グリフィス家のような主戦派が頑張っている内に何とかしなければならない。

でなければ、反対派の意見が徐々に力を持ち始め、シルリング王もそれを考慮しなければならなくなる。

王が反対派の意見に傾いたら、レナルドは終わりである。


レナルドはありったけの黒色火薬を爆弾に加工した。

爆弾を兵に持たせ、港の重要施設を破壊するつもりだ。

今回はもっと規模を大きくする。

港の深部まで到達するよう、フリントロック式マスケット部隊で護衛する。

皆、生きて帰れない前提である。



始めにグリフィス家の一派が城門側を攻撃した。

レナルドが説得して、グリフィスの部隊にもマスケットを持たせている。

もう信条も何もなく、ここでメルクを落とさなければ負けだというのが、主戦派の面々も分っていた。


ニールセン家の一派がこれを迎え討つ。

アブサンは頑なにマスケットを持つのを拒んだが、他家の兵はマスケットを装備していた。

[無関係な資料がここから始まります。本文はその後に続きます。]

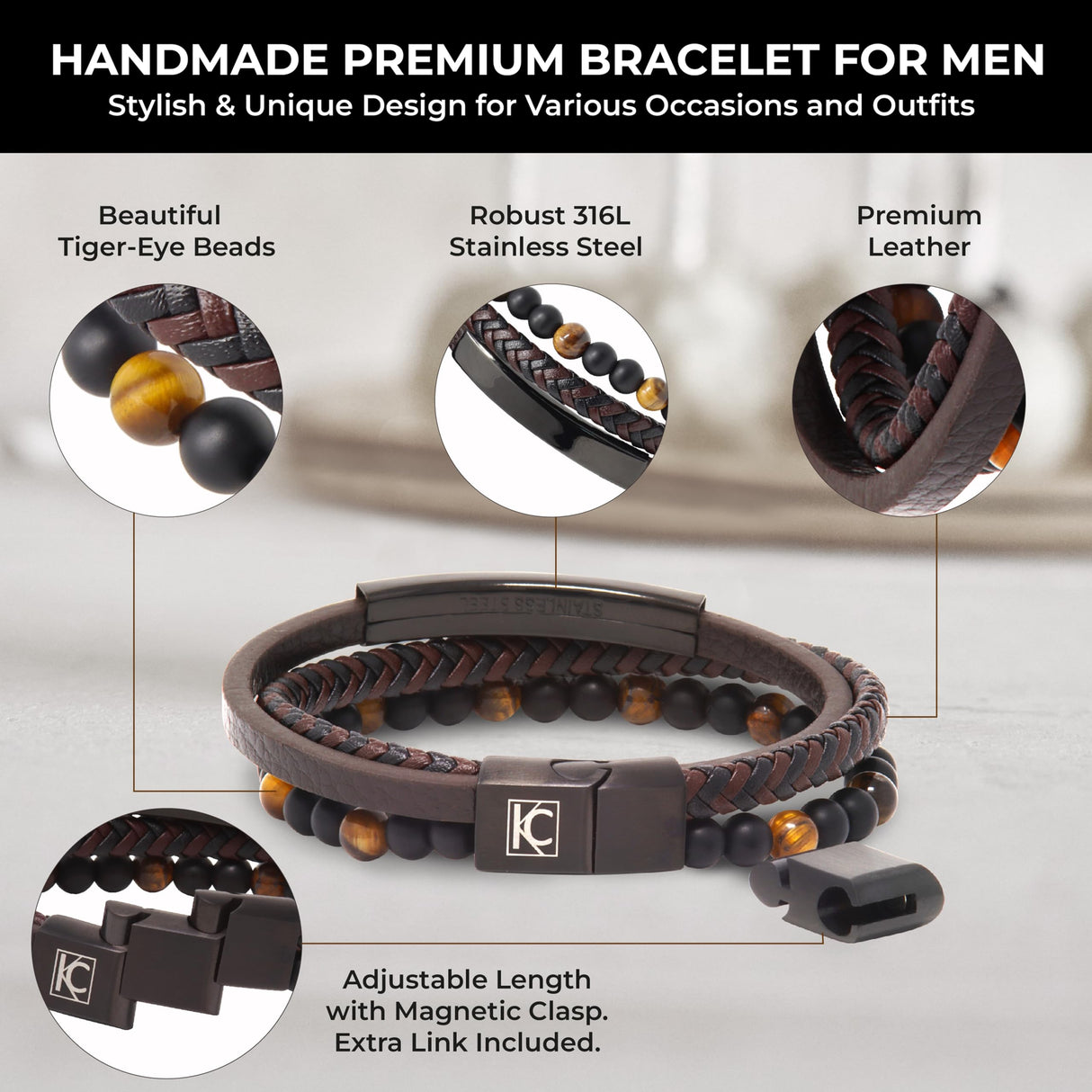 Premium Men’s Bracelet | Leather Bracelet for Men | Beaded Bracelets Black Onyx & Tiger-Eye Beads | Brown Leather Jewelry with Adjustable Stainless-Steel Clasp | Gift Dad Husband Son Boyfriend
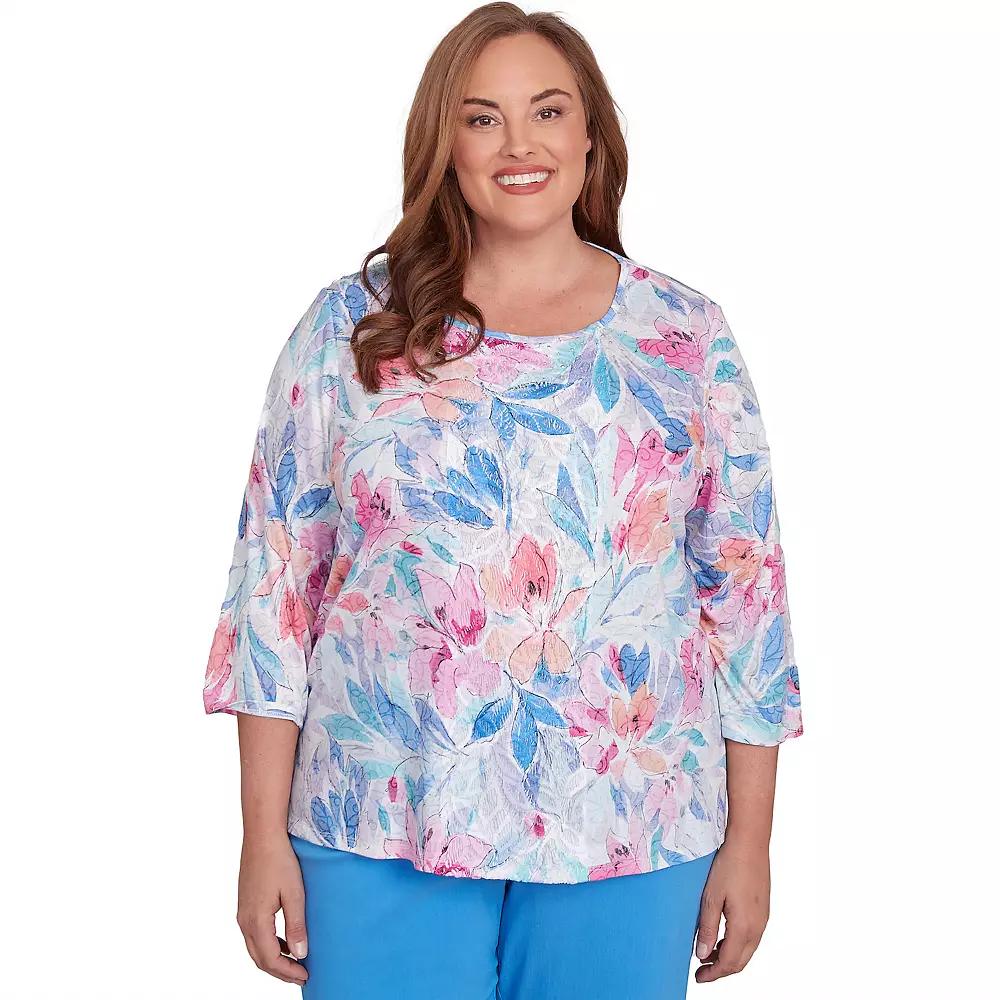Plus Size Alfred Dunner Floral Spray Crewneck Top, Women's, Size: 1XL, Purple Team Product Image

こちらは拮抗させれば良いというのが分っているので、フリントロック式やマッチロック式である。

最新装備はすべて港の守備隊へ回していた。


港の守備隊は、爆弾を警戒して散開している。

一定の距離を保って陣形を組んでいた。

また要所要所に大きな鉄の盾を立てている。

地面を掘って盾の裾を埋め込んでいた。

爆弾が投げ込まれてきたら、盾の陰に逃げ込んで爆風を少しでも防ごうという試みだ。


グリフィスとニールセンが会戦したところを見計らって、レナルドはベイリー家の兵を突入させた。

いつものように同時に2カ所を攻める。


レナルドは兵を二分し、マスケット隊と突撃隊に分けた。

後方から射撃をしつつ、爆弾を持たせた兵を突撃させるのだ。

単純な戦術である。

後は死を恐れず前進するのみ。


港の守備兵はマスケットで応戦し、敵が接近したらバヨネットに切り替える。

ベイリー兵の突撃隊は両手剣を背負っていた。

両手剣を振るってマスケットを切り払う。

対パイク戦の要領である。


たちまち乱戦に突入した。


バヨネットに貫かれ、「もはやこれまで」となった兵士が爆弾に着火する。

そのために火縄を携帯していた。


どおぉおん!


爆風と煙が上がり、兵士たちが敵味方の別なく吹っ飛ぶ。

ちぎれた身体の一部が空から降ってくる。


「怯むなぁぁッ!!!」

「おおおおおっ」

ベイリー兵は叫んで、さらに突撃の勢いを強化する。

メルクの守備隊は怯み始めた。


「退くなーッッ」

守備隊の隊長が声を枯らさんとばかりに叫ぶが、少しずつ押され始めた。


レナルドはさらに騎兵を用意していた。

自分も馬に乗っている。

アイザックも馬を駆り同行していた。

「今だ、行けーッ!」

騎兵にもマスケットを持たせて後方から突撃する。

銃装騎兵突撃である。

メルクの守備隊の防衛線に穴が開いた。


「くそっ!」

「前線が抜かれたぞ!」

「伝令ーッ!」

伝令が港の内部を守る後方部隊へ向けて走り出す。

が、騎兵に追いつける訳がない。


メルクの後方部隊は「まさか、ここまで来やしない」と思っていたから大慌てである。

騎兵のマスケット射撃を喰らってバタバタと倒れる。

騎兵は直刀を腰に差していて、接近戦ではマスケットを投げ捨て、これを抜いた。

刀は振り回せば重さで斬れる。

たちまち後方部隊も突破された。


その後にベイリー家の歩兵が続いた。

重いだけの両手剣は投げ捨てていて、騎兵と同じく直刀を抜いている。

騎兵のものより短めに作ってあり、振り回しやすくしてある。

メルクの後方部隊は勢いに押された。

バッタバッタと斬り伏せられる。


港の施設には誰もいない。

民間人は皆、避難しているのだった。


「爆弾を放てーッ!」

レナルドが命じると、生き残った歩兵たちは爆弾に着火して港の重要施設と思しき物へ投げつけた。


どおおおぉん!


爆発。


施設が壊されてゆく。


「この調子だ、次々に破壊せよ!」

レナルドは力の限り叫んだ。


その瞬間である。

突然、アイザックが馬を操ってレナルドの前に出た。


ビシッ


アイザックの胸に何かが撃ち込まれた。


ガオォォン…。


遅れて音が聞こえてくる。


狙撃である。


アイザックは馬から転げ落ちる。


「アイザック…!?」

レナルドは驚き、硬直していた。


……赤毛が死んだ!?


「お館様、お逃げください」

ベイリー家の家臣が馬を操ってカバーしてくる。

射線を遮っている。

「なんだ、今のは!?」

「分りませぬ。

 が、危険でございます」

家臣はレナルドの馬の首を叩いた。

走る合図だ。

「うわっ!?」

馬が走り出し、レナルドは驚きで声を上げる。

「皆の者! お館様をお守りせよ!」

家臣は叫びながら、レナルドの馬を追った。

他の家臣が皆、カバーしに入る。


ビシッ


音がして、家臣の一人が馬から転げ落ちた。


ガオォォン…。


やはり遅れて音が聞こえてくる。


……アイザック、あっけないもんだな。


レナルドは逃げる最中、場違いな事を考えていた。